December 11, 1959, San Diego Union, A-17:1-2. Children, flock are in Nativity Scene at Children’s Zoo; drama of Christ’s birth will take place two weekends in a row (illus.).
December 18, 1959, San Diego Union, A-17:7-8, A-29:1-3. City Council approved yesterday acquisition of the 27-acre Pease lease in Mission Bay and leasing to Del E. Webb Construction Company of a 17-acre bay site for a 5-million hotel.
December 24, 1959, San Diego Union, A-11:2. San Diego Zoo expects one-millionth visitor for the fiscal year today; attendance to date 933,027 visitors; overall 35 year attendance 23,920,991.
December 25, 1959, San Diego Union, B-1:7-8. Vickie Love, 7, San Diego Zoo’s millionth visitor (illus.).
December 29, 1959, San Diego Union, B-1:1-2. Baby chimpanzee is born at San Diego Zoo, bringing the zoo’s complement of the species to 10.
December 30, 1959, San Diego Union, A-12:2-3. Two 60 pound condors at San Diego Zoo resettled in new cage (illus.)
1958-1959, Department of Public Works, Annual Report.

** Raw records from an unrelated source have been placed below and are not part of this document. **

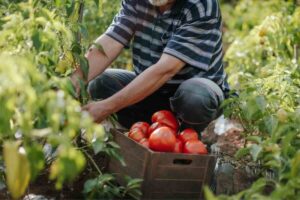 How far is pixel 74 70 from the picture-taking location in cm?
267

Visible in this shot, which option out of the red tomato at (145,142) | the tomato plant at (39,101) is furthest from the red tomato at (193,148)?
the tomato plant at (39,101)

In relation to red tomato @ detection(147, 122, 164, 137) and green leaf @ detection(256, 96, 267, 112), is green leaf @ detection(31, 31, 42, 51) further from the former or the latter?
green leaf @ detection(256, 96, 267, 112)

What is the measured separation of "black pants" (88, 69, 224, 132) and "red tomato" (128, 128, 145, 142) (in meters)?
0.40

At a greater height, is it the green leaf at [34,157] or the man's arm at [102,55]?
the green leaf at [34,157]

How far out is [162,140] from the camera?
238cm

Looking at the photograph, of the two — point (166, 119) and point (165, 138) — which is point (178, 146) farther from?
point (166, 119)

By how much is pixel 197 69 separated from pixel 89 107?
739 mm

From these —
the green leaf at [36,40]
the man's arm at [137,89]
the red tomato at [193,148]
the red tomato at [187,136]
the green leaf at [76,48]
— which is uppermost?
the green leaf at [36,40]

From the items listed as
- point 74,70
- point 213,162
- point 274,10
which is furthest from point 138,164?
point 274,10

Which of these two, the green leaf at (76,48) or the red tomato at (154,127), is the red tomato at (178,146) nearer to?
the red tomato at (154,127)

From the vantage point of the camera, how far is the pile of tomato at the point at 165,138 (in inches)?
94.2

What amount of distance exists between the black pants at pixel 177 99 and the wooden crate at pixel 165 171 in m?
0.44

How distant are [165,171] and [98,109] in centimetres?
41

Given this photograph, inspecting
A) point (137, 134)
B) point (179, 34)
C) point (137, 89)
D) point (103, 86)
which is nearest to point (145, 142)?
point (137, 134) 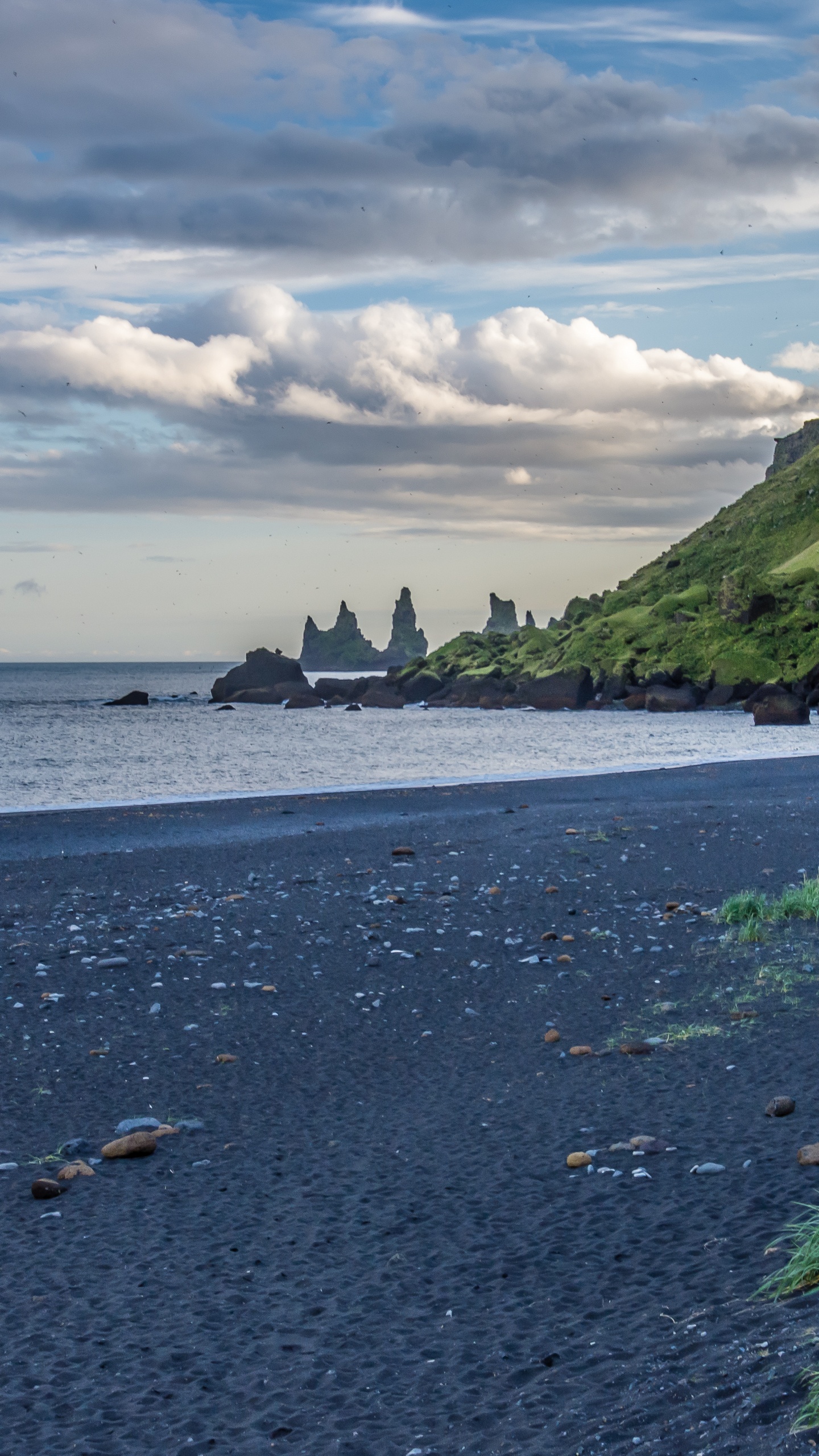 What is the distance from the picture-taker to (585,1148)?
197 inches

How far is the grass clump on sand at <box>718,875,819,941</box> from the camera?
9508 mm

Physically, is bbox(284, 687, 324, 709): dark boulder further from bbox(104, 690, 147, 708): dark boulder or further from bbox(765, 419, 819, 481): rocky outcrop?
bbox(765, 419, 819, 481): rocky outcrop

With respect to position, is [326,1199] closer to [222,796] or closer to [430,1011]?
[430,1011]

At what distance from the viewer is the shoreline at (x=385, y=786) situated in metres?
22.8

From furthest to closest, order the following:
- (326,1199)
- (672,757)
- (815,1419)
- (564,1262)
A: (672,757)
(326,1199)
(564,1262)
(815,1419)

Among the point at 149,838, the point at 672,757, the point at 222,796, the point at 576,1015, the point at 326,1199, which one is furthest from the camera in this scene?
the point at 672,757

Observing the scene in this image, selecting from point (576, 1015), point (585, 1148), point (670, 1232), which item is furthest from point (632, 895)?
point (670, 1232)

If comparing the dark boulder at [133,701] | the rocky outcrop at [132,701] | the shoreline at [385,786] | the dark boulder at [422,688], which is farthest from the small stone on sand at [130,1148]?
the dark boulder at [422,688]

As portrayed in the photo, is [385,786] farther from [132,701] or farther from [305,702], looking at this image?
[132,701]

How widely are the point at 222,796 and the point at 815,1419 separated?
22.4 metres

- 5. In connection with decentralization it is proposed to develop the Rose Canyon and Chollas yards as sites for future Public Works and Utilities operations. Contemplated are provisions for those facilities directly affected by freeway construction in the vicinity of 20th and B. Facilities would be constructed at Chollas for the Street, Sanitation and Equipment Division of the Public Works Department.
- 27. The installation of scales at Arizona fill has permitted control over daily routing of collection vehicles dispatched from the 20th and B yard.
- 33. Buildings Division ~ Since it is proposed to relocate divisional headquarters away from 20th and B, custodial services will be transferred to Public Works Administration Division July 1, 1959.
- 36. The relocation of divisional facilities is anticipated since the proposed crosstown will consume the present location. Probable sites for new facilities are Rose Canyon and Balboa Park.
p. 60. Equipment Division ~ Service station facilities at 20 and B, Chollas and Frontier yards.